The respondent to the proceedings, ATK Energy EU, brought a damages claim against the appellant, the Nuclear Decommissioning Authority (NDA),3 for breaches of NDA’s obligations under the Rules in connection with ATK’s unsuccessful bid for a contract for the decommissioning of twelve power stations. The damages were sought for breach of the obligation to award the contract to the most economically advantageous tender. The parties sought judgment on preliminary issues relating to whether (i) the court had any discretion under these Rules not (or only partially) to award damages for losses deriving from NDA’s breach of its obligations and (ii) ATK’s failure to start proceedings within the ten day standstill period (which would have automatically suspended NDA’s right to award the contract) meant that the tenderer was not entitled to damages as it had failed to mitigate its losses.
In first instance proceedings, NDA had argued that the phrase “[the court] may award damages” in Regulation 47J(2)(c) gives effect to the “Francovich conditions” applicable to award of damages in EU law, as developed from EU case law.4 One of these conditions provides that the breach of EU law must be “sufficiently serious”, which necessarily introduces an element of discretion to the award of damages, according to NDA. ATK’s argument, however, which had been accepted by Edwards-Stuart J, was that ordinary English law principles were applicable to such awards of damages, and that once a breach of the Rules was established the award of damages was not discretionary.

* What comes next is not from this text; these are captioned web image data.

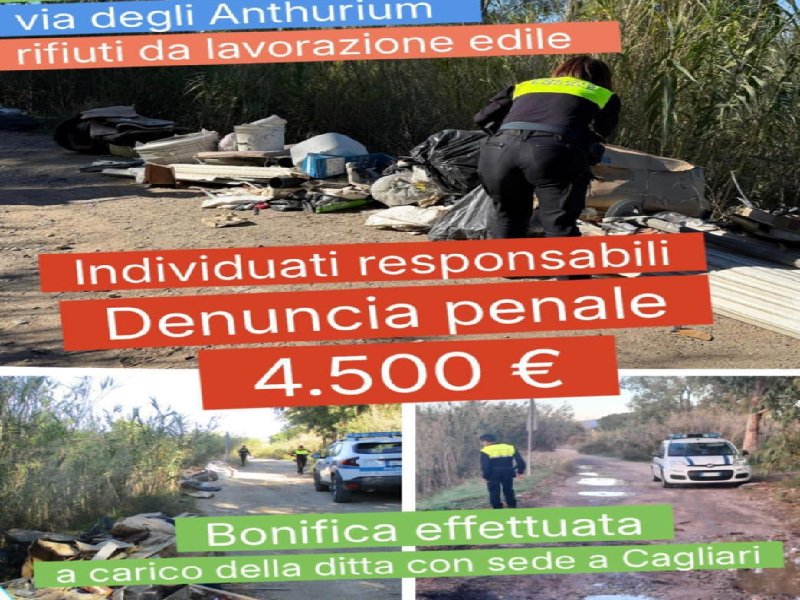 Da Cagliari a Quartu per liberarsi di chili di rifiuti, maxi multa a impresa edile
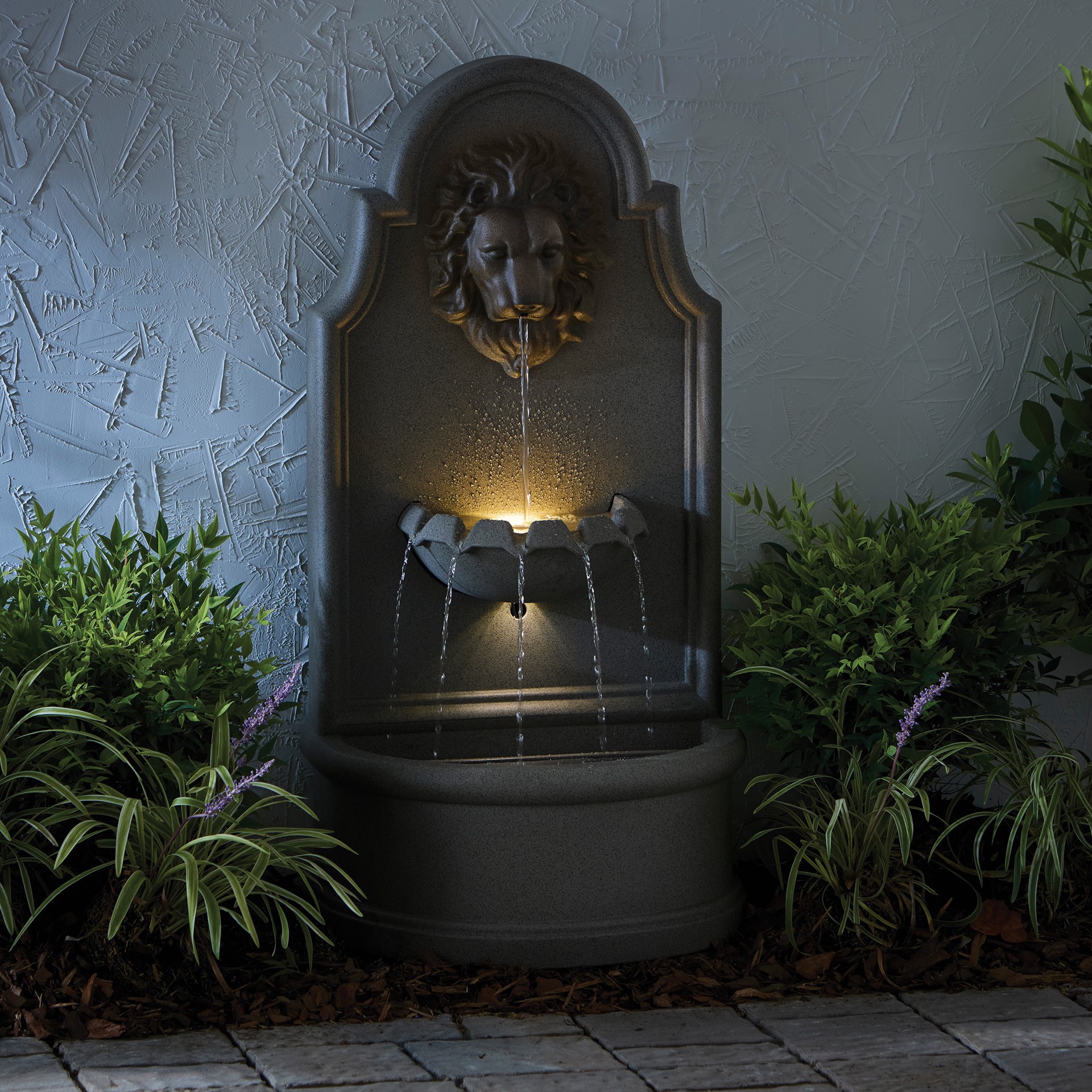 slide 3 of 6, allen + roth 40-in H Plastic Electric Powered Wall Outdoor Fountain Pump Included, 1 ct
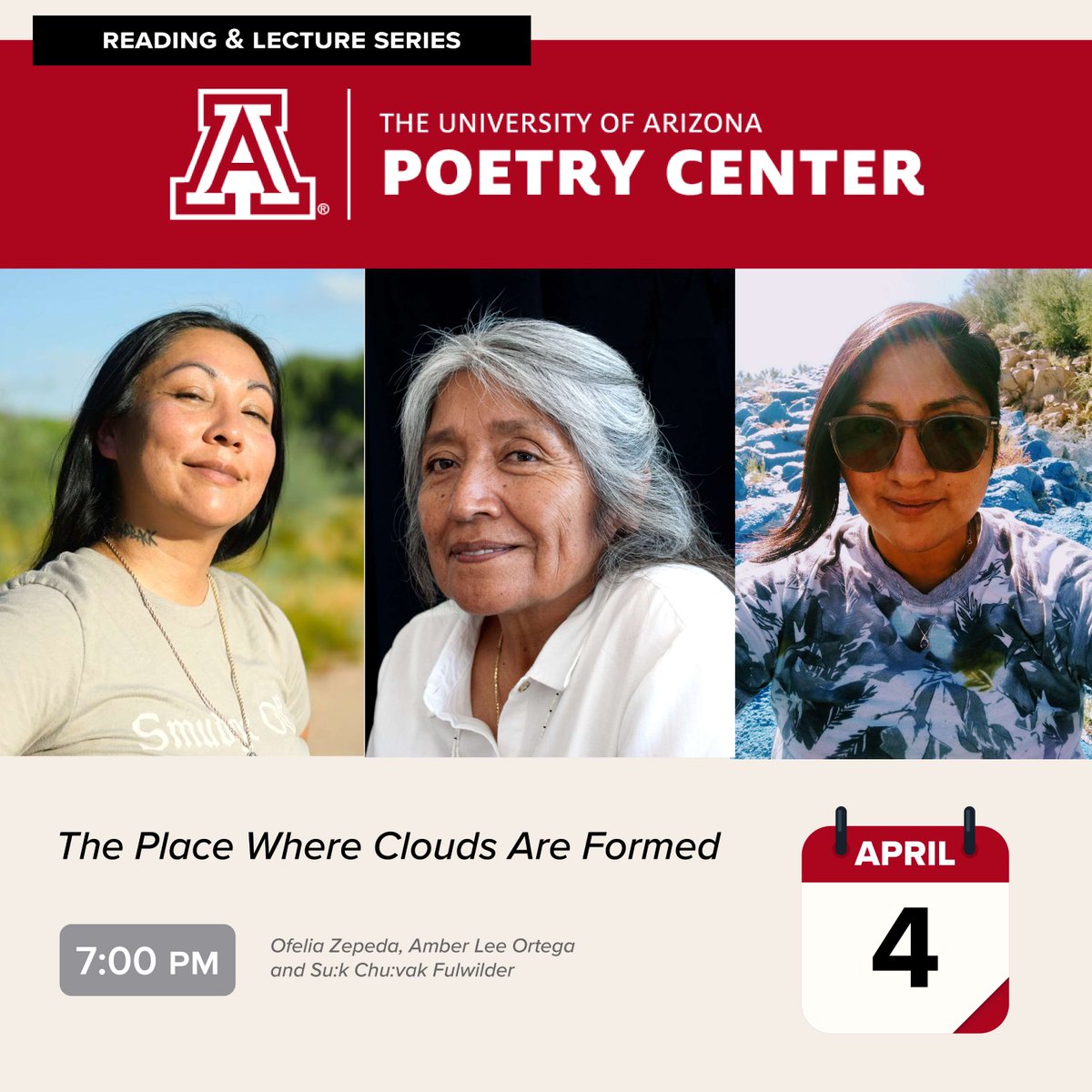 Tomorrow, join us in celebration of The Place Where Clouds Are Formed! The special reading features poets Ofelia Zepeda, Amber Lee Ortega and Su:k Chu:vak Fulwilder. poetry.arizona.edu/calendar/place…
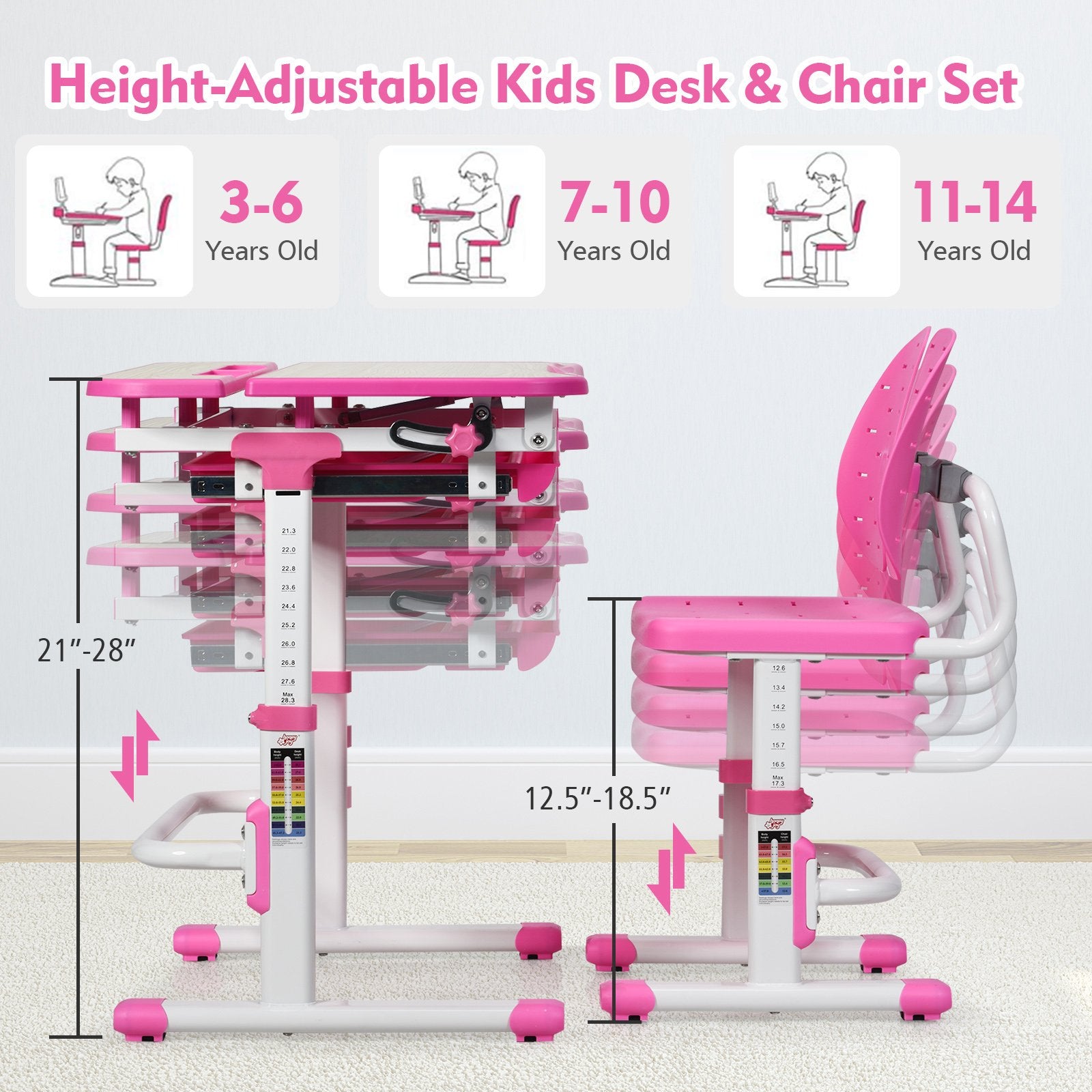 Height Adjustable Kids Study Desk and Chair Set, Pink at Gallery Canada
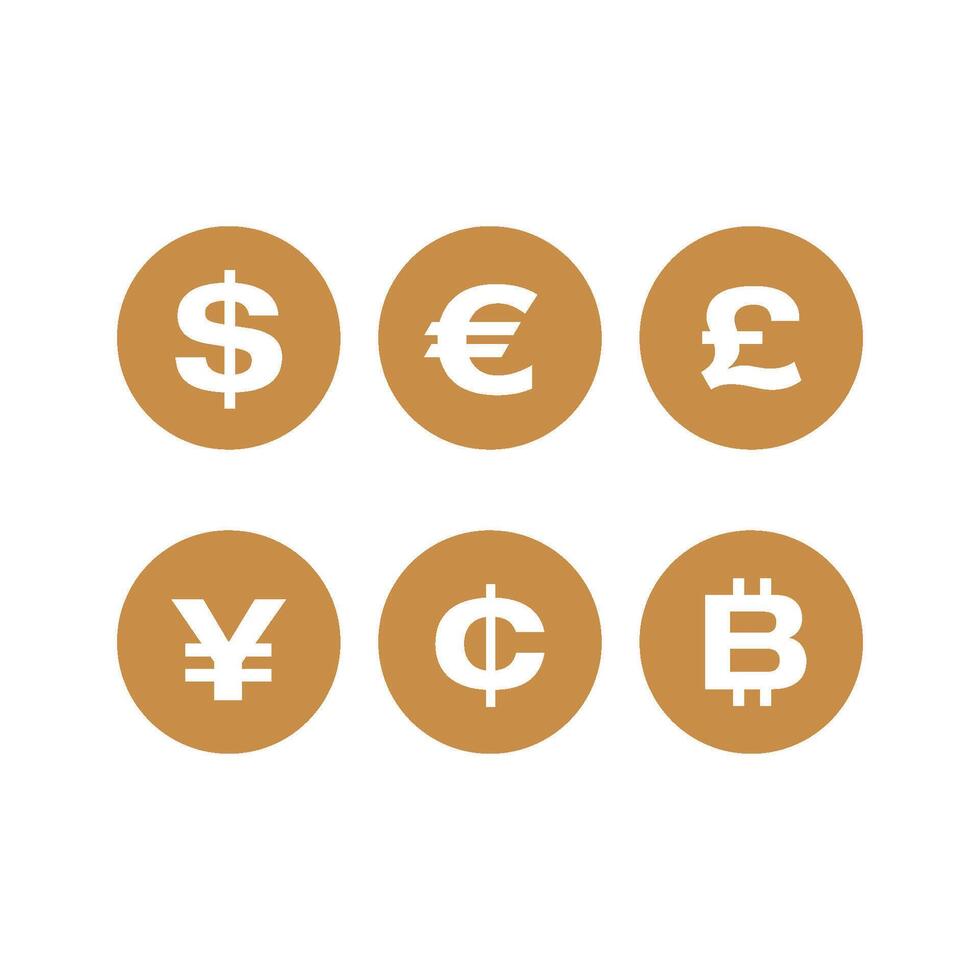 Set Circle Currency Sign, Money Icon Logo Template Illustration Design. EPS 10. vector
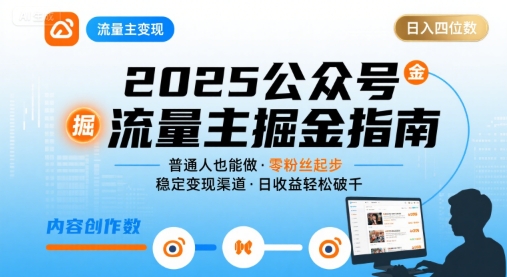 公众号流量主变现项目2025，普通人也能通过这个项目日入四位数 - 来及网络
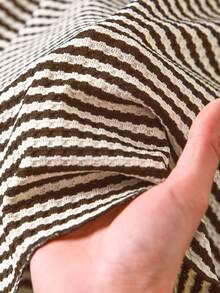 CosyJoli Plus Size Summer Casual Textured Black And Striped Shorts - Coffee Brown - View 6
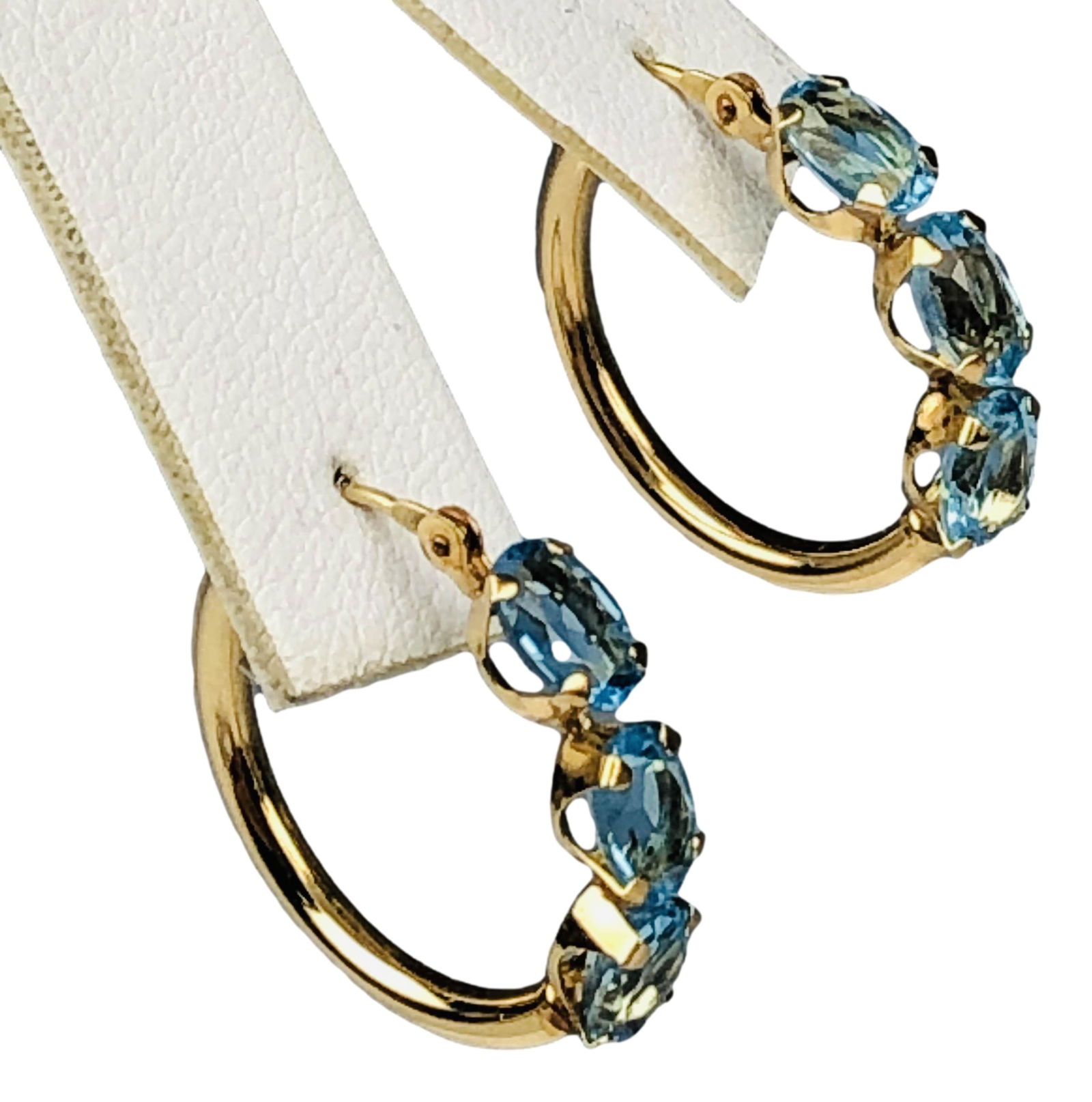 14K Gold Blue Topaz Pair Huggie Hoop Earrings (1 of 4)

On the second issue, Edwards-Stuart J had concluded that he could not decide whether ATK’s failure to issue proceedings in time to prevent the conclusion of the contract deprived ATK of the right to any damages, because “that issue raised questions of fact that could not be determined without evidence as a preliminary issue”.
On appeal, the Court of Appeal dismissed NDA's appeal on the first issue and allowed ATK’s appeal on the second issue. It held that while breaches of the Remedies Directive are subject to the “Francovich conditions”, the latter were “minimum conditions” and it was open to national law to lay down criteria that provide a less restrictive remedy in damages, which it did (i.e. there was no requirement in English law for a breach to be shown to be “sufficiently serious”). The Court further concluded that “there is nothing in either the Remedies Directive or the Regulations to suggest that a person whose rights under these instruments have been infringed should be deprived of damages because of a failure to invoke any other available remedy”. The standstill and court application regime was available as an option to the unsuccessful tenderer, and not as a pre-condition to the availability of damages.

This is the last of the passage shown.